Center for the Arts: Dance
Dance Artistic Director
Save these dates in 2014
Dance Force Repertoire Show
Sunday, May 18, at 2 p.m.
Annual Spring Recital
Saturday, June 7 Sunday, June 8
Dance Department Staff
Karly Strong, Dance Artistic Director, graduated from Columbia College Chicago with a BA in dance and studied with well known masters including Jan Erkert, Margi Cole and Lar Lubovitch. Karly’s teaching background includes Ballet, Jazz, Modern, Tap and Contemporary and she has been with area studios such as Picture Us Different, ARCC Ballet and St.
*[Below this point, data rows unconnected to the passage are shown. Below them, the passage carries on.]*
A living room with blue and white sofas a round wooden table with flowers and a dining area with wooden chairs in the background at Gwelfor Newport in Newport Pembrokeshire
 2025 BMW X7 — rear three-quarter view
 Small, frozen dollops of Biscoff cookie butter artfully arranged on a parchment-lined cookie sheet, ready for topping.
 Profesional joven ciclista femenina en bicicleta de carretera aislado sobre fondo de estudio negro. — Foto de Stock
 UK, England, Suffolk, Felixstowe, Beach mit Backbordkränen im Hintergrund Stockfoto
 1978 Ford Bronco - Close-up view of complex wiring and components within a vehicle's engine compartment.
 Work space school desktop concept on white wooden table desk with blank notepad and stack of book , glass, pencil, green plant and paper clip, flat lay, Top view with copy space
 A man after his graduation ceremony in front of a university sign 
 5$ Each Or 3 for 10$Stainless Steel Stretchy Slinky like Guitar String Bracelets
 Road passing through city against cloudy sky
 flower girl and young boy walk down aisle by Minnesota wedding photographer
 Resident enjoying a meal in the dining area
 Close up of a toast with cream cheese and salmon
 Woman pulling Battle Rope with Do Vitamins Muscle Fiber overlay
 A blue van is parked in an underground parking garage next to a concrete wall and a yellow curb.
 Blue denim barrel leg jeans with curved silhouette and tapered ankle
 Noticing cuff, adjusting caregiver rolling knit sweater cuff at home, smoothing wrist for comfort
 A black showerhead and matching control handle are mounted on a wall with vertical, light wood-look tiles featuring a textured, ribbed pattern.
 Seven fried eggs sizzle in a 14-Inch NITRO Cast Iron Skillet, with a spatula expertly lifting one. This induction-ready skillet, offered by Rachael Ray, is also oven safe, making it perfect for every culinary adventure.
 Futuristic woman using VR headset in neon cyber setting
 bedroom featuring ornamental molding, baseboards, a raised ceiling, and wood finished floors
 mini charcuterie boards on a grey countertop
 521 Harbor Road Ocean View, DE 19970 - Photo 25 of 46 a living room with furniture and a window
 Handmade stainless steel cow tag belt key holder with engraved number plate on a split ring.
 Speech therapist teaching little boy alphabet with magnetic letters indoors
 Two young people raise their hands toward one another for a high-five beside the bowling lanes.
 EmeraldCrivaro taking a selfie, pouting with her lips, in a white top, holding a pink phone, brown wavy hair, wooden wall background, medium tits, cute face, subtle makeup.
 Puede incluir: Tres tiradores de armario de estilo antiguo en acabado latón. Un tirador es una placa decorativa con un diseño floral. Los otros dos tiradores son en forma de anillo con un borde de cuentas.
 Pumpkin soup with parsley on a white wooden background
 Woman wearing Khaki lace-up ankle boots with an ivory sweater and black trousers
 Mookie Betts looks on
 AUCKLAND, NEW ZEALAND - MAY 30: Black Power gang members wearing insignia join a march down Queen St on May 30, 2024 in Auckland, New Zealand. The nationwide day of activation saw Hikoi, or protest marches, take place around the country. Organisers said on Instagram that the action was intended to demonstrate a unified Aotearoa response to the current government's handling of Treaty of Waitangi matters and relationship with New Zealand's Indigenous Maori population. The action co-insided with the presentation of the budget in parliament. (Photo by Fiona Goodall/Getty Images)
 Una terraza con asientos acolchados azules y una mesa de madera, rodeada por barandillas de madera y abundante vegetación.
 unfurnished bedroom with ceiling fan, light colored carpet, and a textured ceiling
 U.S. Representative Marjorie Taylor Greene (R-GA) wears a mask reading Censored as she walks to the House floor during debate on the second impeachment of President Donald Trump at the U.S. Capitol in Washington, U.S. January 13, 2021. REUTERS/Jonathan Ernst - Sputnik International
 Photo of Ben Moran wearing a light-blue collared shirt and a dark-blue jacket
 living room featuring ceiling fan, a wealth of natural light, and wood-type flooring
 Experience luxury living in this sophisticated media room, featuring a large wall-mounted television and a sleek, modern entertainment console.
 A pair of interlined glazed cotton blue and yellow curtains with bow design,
Alponsus Elementary Center for the Arts.
Lindsay Addy is an award-winning choreographer for several competitive dance teams in the central Illinois area. She co-founded Loyola University’s first tap team L^2 Tap. She graduated from Loyola University Chicago with a B.A. in Sociology and a minor in Dance.
Katie Byrd received training from Joel Hall Dance Center and Le Ballet Petit School of Dance and was captain of her school’s dance team, Orchesis. She is a graduate of UIC and currently directs Living By Performing.
Cathy Jacobson started choreographing and teaching by age 13. She directed Diana School of Dance, a studio with more than 400 students, by age 16. She has worked in studios, theaters and preschool programs. She specializes in students who begin to dance later in life.
Kirsten Markham received training at Gus Giordano and also has a degree in Early Childhood Education. She is a choreographer and has performed in many local theaters.
Maria Politis has been dancing her whole life. She has studied at Columbia College Chicago, Joel Hall Dance Center and Le Ballet Petit School of Dance.
Carmen Rivera began dancing at the age of four. Soon after she found her love of Tap and began to focus her dance education on Tap and Hip Hop. Carmen has performed with Le Ballet Petit and Living by Performing.
Linnea Schlegel dances professionally with Aerial Dance Chicago. She was the co-director and choreographer for a hip hop and jazz fusion company on campus at Loyola University Chicago where she received a B.S. in Physics and minor in Dance.
Margaret Sinn received classical ballet training in the RAD method from Helen Marques. She has performed with the Hong Kong Ballet Group. She received her postgraduate diploma in Dance Studies from the University of Surrey.
Carolyn Steeves received her BFA in Dance Education from Cornish College of the Arts in Seattle, WA. She has performed professionally with Cornish Dance Theater, Aeon Contemporary Dance Company, Full Tilt performances. She currently dances with Joel Hall Dancers 2 in Chicago.
Required Dance Attire
Students MUST wear the following appropriate dance wear so instructors may properly observe and teach muscular movement:
- Preschool and Kinder Ballet: Any color leotard, ballet pink tights, pink ballet shoes. Hair must be up and off the neck. Skirts acceptable.
- Ballet I-Advanced Ballet: Black leotard, ballet pink tights, pink ballet shoes and hair in bun. No skirts or tutus will be allowed.
- Tap: Solid colored dancewear and tights and/or shorts or jazz pants; black tap shoes. Patent leather tap shoes are acceptable for Pre-Tap through Beginner Levels I-III. Oxford/Jazz tap shoes with hard steel toe and full sole (no split sole) are required for intermediate levels and above. No jeans, hair in bun or high ponytail.
- Girls’ Jazz and Hip Hop: Solid colored leotard and tights or stretch jazz pants (instructor must be able to see ankles), black jazz shoes or dance sneakers. Hair must be in bun or high ponytail. No jeans.
- Boy’s - All Dance Classes: Comfortable pants or tights, white shirt and dance shoes (black ballet shoes for Ballet; black jazz or black ballet shoes for Jazz; black tap shoes for Tap). No jeans or sweat pants.
A Message to Parents: Age, Attire and Attendance Requirements
For all programs, age requirements will be as of the date of the first class. Please do not request to have your child put in a class he/she does not belong in. Girls must wear their hair off neck for ALL CLASSES. If dancers are not properly dressed for class or come 15 minutes late, they will be asked to observe class and not participate. Warm-up exercises are a very important part of class. All requirements are set to benefit the children and make instruction more consistent for the program leaders. In some instances, the requirements have been set for the child's safety.